2012-12-05 20:06:02 | 読書。
読書。
『生物学個人授業』 岡田節人 南伸坊
を読んだ。

“先生”岡田節人さんの講義を“生徒”南伸坊さんが受けて、
南さんがその「ノート」にあたる、その理解を示した面白い文章を
提出し、岡田さんが最後に「一言」という形で南さんの文章の感想を書くという方式の本です。

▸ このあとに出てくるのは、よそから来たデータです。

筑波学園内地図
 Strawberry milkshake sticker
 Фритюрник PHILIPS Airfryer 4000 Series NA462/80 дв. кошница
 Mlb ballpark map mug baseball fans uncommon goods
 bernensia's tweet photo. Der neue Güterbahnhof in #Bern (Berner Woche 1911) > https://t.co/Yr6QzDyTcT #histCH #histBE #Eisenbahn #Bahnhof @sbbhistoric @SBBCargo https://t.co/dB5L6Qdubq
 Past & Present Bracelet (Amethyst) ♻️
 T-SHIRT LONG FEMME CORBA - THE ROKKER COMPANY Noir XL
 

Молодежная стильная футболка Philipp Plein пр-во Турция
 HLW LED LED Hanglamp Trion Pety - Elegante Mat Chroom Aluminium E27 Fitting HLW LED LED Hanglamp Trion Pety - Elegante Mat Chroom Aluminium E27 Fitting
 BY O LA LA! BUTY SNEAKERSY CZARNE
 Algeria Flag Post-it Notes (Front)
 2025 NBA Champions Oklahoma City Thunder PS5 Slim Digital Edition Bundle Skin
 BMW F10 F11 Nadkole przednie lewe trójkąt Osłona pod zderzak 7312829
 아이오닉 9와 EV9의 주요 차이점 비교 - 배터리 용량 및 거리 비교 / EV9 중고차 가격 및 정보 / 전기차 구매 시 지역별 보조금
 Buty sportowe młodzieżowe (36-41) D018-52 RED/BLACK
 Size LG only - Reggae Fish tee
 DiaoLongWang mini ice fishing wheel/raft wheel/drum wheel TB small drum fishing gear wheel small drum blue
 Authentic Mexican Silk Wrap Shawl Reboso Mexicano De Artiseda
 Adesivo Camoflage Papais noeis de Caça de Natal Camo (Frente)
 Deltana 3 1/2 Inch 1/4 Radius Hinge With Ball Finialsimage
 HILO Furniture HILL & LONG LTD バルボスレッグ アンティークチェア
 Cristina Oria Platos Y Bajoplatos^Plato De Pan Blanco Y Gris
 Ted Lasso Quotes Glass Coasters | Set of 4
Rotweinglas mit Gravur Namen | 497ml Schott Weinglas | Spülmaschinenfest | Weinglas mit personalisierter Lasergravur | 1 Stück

南さんは「本人」モノで知る人ぞ知る、おもろい人です。
織田信長になったり、二宮金次郎になったり松田聖子になったり。
それも、扮装をするのではなく、
「私がその人本人です」とその人になってしまうのがすごく楽しい。
そんな南さんが、学問のずぶの素人として、真っさらなアタマで生物学に望み、
まっすぐに理解し、それだけじゃなくて、自分の言葉でアウトプットしてくれています。
彼の文章の面白いことといったら!
でも、若い頃に読んでいたら、たぶん、「馬鹿にしてるのか」と思ってしまうような
文章ですね、僕なんかはそう捉えてしまう可能性が高い。
そこを、面白い!と読めるようになった自分の成長に乾杯したいですね。

内容も、もう10数年前のものですが、今でも読めるものです。
そりゃ、現在の生物学の先端のところを知る人から見たら物足りないのかもしれないですが、
まず踏まえておくべきレベルとしての重みある内容が、この本にはあると思います。